Scenes from the Tibetan Countryside

Driving south from Lhasa, it is no question that Tibet is devastatingly pretty. It’s also very empty particularly coming from China where everything was crowded together, and there’s a definite frontier feel to the whole place.
Plus, of course, some very lovely scenic spots to check out!

You encounter Yamdrok Lake when you crest over the first pass exceeding 15,000 feet from Lhasa (just shy of 5,000m), and it’s kind of hard to miss because it’s the largest freshwater lake in Tibet.  All lakes in Tibet are sacred (you’re not supposed to go to the bathroom by water else “bad spirits” will get you, which I found quite sensible) but Yamdrok is a particularly holy lake which serves as a talisman- Tibetans believe that when the lake runs dry Tibet will no longer be habitable.
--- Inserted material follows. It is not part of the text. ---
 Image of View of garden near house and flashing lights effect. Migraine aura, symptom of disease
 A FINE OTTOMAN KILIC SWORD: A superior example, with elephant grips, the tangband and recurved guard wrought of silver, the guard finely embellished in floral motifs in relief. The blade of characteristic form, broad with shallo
So needless to say, the fact that the Chinese built a hydroelectric plant here in 1996 and the lake is slowly draining away is incredibly controversial.  Doubly so when you realize the water and power is going to Chinese business interests in Lhasa… And we won’t even talk about what will happen to the local ecosystem as a result of all this.  Unfortunately this is an incredibly common sort of thing to come across in Tibet.

Coming across a bunch of prayer flags at the top of a pass.  Prayer flags are everywhere in Tibet especially in high mountain passes and the like because it’s believed that the prayers written on them will have the peace and compassion of the prayers spread out into the surrounding area as the wind flaps (I always thought it was sending the prayers to the gods, but it turns out this isn’t the case).  Combined with the “omanipame” simple mantra chant written in stones on the surrounding countryside, driving around Tibet is rather steeped in religion and spirituality really.

(At this point I should mention that Patrick and I appear to have been the only tourists who visited Tibet who weren’t hippies.  I base this off the fact s that we know how to dress like normal people, think communism sucks, don’t do pretentious things like look down on people who shower regularly, and we were unusual for being Westerners who weren’t vegetarian.)

Carrying on with the spirituality theme, there are a lot of beautiful monasteries and stupas in Tibet as well.  It’s just so decidedly deliciously different…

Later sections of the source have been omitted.